Theoretical uncertainties:

• The parton distribution functions need to be varied following the PDF4LHC recommendations. A method is described in AN 2009/048.
• The renormalization and factorization scale (Q) needs to be varied by factors 1/2 and 2.
• Different matrix element (ME) generator often predict different kinematics. This can be taken into account by comparing the top-quark mass obtained for two different ME generators, associated to the same parton shower modeling.
• It has been observed in several analyses at 8 and 13 TeV that the top-quark $p_T$ is not perfectly reproduced in simulations. Simulations are not corrected for top-quark measurements but they need to be reweighed so that the top-quark $p_T$ distribution matches the one observed in data in order to consider this mis-modeling as a source of systematic uncertainty. Although this method should be robust to the top-quark boost, the measurement is actually impacted by the top-quark $p_T$ uncertainty.
• The underlying event can not be described by perturbative QCD. Generators are tuned to data with a limited accuracy.
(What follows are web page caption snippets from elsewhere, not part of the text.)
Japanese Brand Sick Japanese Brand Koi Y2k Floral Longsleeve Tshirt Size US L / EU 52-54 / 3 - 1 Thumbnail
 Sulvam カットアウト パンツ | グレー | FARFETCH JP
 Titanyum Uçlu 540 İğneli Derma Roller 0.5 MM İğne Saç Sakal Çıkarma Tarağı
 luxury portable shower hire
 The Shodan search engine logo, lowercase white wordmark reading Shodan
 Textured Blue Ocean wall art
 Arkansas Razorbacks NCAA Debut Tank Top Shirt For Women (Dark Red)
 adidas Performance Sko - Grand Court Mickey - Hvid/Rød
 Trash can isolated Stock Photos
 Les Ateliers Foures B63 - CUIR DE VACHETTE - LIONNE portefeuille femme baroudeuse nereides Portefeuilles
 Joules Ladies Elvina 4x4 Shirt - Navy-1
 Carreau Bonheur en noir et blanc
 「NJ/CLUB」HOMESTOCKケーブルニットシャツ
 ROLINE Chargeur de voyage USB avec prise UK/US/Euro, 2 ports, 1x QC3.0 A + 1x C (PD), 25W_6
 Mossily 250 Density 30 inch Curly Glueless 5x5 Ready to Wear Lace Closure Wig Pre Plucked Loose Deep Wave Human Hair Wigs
To take this into account, you need to compare different tunes. As a cross-check, you can also compare different parton shower generators.
• The color reconnection can not be described by perturbative QCD either. Here again, you need to compare different tunes for which only color reconnection parameters vary.

Question: Which sources do you expect to be dominant ? Why ?

In the following figure, you can see the effect of the main sources of systematic uncertainty on the b-jet energy distribution in log scale:

For each source of systematic uncertainty, uncertainties in the b-jet energy have to be added to (subtracted from) the nominal value to get two bjetenls distributions. Once two distributions are obtained, fitting can be performed as usual. The calibrated b-jet peak values will give upper and lower bound of top quark mass. Taking a difference of the upper and lower bound of the top mass and dividing it by 2, will give you an estimate on the top mass uncertainty due to the specific systematic uncertainty. This has to be repeated many times for the different sources of systematic uncertainties. If the uncertainties are not correlated to one another, they can be added in quadrature to one another to get a single uncertainty value since they are not correlated to one another.

Try to evaluate as much systematic uncertainties as possible, focusing as a priority on the most relevant ones. Several simulation samples are available to help you:

Simulation samples:

Uncertainty source	Sample	$\sigma$ [pb]
$Q^2$ scale (parton shower)	/TT_TuneCUETP8M2T4{down,up}_13TeV-powheg-pythia8/RunIISummer16MiniAODv2-PUMoriond17_80X_mcRun2_asymptotic_2016_TrancheIV_v6-v1/MINIAODSIM	831.76
ISR	/TT_TuneCUETP8M2T4_13TeV-powheg-isr{down,up}-pythia8/RunIISummer16MiniAODv2-PUMoriond17_80X_mcRun2_asymptotic_2016_TrancheIV_v6-v1/MINIAODSIM	831.76
FSR	/TT_TuneCUETP8M2T4_13TeV-powheg-fsr{down,up}-pythia8/RunIISummer16MiniAODv2-PUMoriond17_80X_mcRun2_asymptotic_2016_TrancheIV_v6-v1/MINIAODSIM	831.76

A skeleton is available in the analyzeNplot folder. Let's open systBJetEnergyPeak.py The main() is at the end, as usual, but the interesting part is the runBJetEnergyPeak function at line 14. The histograms for the different systematic variations are defined and then filled in a loop on the events.

To run this code:

python systBJetEnergyPeak.py -i /eos/user/c/cmsdas/2023/long-ex-top/ -j data/samples_Run2016_25ns.json -o systematics -n 2

As before, -i represents the input directory, -j the path for the json file, and -o the subfolder in which the output files will be saved.

You may consider the possibility of completing this code adding the histograms where they are defined

    histos={ 
        # nominal (for xcheck)
        'bjetenls_nominal':ROOT.TH1F('bjetenls_nominal',';log(E);  1/E dN_{b jets}/dlog(E)',20,3.,7.),
        # JER
        'bjetenls_jer_up':ROOT.TH1F('bjetenls_jer_up',';log(E);  1/E dN_{b jets}/dlog(E)',20,3.,7.),
        'bjetenls_jer_down':ROOT.TH1F('bjetenls_jer_down',';log(E);  1/E dN_{b jets}/dlog(E)',20,3.,7.),
        # JEC: uncorrelated group
        # JEC: in-situ correlation group
        # JEC: inter-calibration
        # JEC: pile-up
        # JEC: flavour
        # Other Systematics
        }

and the necessary lines to fill them.

Checkpoint: Your macro may look like analyzeNplot/answers/systBJetEnergyPeak.py.